Selon M. Pelletier, l’évaluation de ce volet environnemental du projet serait donc essentielle, notamment afin de vérifier l’impact du traversier NM Saaremaa, qui est actuellement utilisé pour le lien fluvial Matane–Baie-Comeau–Godbout. Ce navire, construit en 2010, est plus imposant, mais plus récent que le Trans-St-Laurent, construit en 1963. Un projet sur la « signature acoustique » des traversiers de la STQ est en cours.
Professeur en modélisation des systèmes socio-écologiques à l’Université du Québec en Outaouais, Clément Chion estime qu’« on manque d’informations » actuellement pour bien évaluer les impacts potentiels du lien fluvial sur les bélugas, qu’il parte de Rivière-du-Loup ou de Gros-Cacouna. « Il faudrait mener de nouvelles études pour analyser l’impact réel sur le comportement des animaux, les effets du dérangement, par exemple au moment de la mise bas, etc. », souligne-t-il.

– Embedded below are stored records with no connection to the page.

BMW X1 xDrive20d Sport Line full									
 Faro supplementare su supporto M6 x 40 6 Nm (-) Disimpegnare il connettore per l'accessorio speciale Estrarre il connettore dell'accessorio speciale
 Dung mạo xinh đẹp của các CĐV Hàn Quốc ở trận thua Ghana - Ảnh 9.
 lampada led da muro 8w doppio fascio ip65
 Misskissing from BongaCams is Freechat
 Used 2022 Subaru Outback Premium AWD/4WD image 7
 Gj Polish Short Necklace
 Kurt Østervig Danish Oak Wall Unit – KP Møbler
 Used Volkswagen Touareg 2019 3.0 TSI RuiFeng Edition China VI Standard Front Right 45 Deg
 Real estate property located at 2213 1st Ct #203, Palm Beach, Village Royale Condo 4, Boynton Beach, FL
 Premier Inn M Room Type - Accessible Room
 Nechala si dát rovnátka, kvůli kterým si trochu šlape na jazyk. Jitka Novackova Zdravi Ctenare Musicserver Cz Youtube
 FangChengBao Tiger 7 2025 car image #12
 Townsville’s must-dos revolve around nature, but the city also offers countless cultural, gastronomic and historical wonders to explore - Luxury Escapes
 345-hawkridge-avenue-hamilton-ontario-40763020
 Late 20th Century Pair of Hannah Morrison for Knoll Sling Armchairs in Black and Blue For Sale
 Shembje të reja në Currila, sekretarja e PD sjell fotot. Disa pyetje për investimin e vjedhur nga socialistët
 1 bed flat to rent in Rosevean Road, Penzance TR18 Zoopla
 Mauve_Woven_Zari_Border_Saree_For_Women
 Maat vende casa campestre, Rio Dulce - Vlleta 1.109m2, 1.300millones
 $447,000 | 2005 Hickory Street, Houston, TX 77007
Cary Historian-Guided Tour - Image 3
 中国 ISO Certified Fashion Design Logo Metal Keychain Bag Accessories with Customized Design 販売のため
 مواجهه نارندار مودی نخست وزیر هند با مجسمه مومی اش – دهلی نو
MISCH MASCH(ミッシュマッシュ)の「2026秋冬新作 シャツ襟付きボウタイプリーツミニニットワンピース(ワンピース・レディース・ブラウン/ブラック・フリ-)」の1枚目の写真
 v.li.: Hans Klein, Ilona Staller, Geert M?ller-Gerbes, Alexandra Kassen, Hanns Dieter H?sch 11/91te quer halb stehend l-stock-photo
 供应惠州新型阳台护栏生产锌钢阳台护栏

En plus de la décision concernant l’avenir du traversier dans la région, le gouvernement du Québec doit décider cette année s’il autorise deux projets récurrents de dragage et de rejet de sédiments, pour les ports de Rivière-du-Loup et de Gros-Cacouna. Il n’existe toutefois aucune étude scientifique permettant d’évaluer les impacts de ces opérations sur le béluga.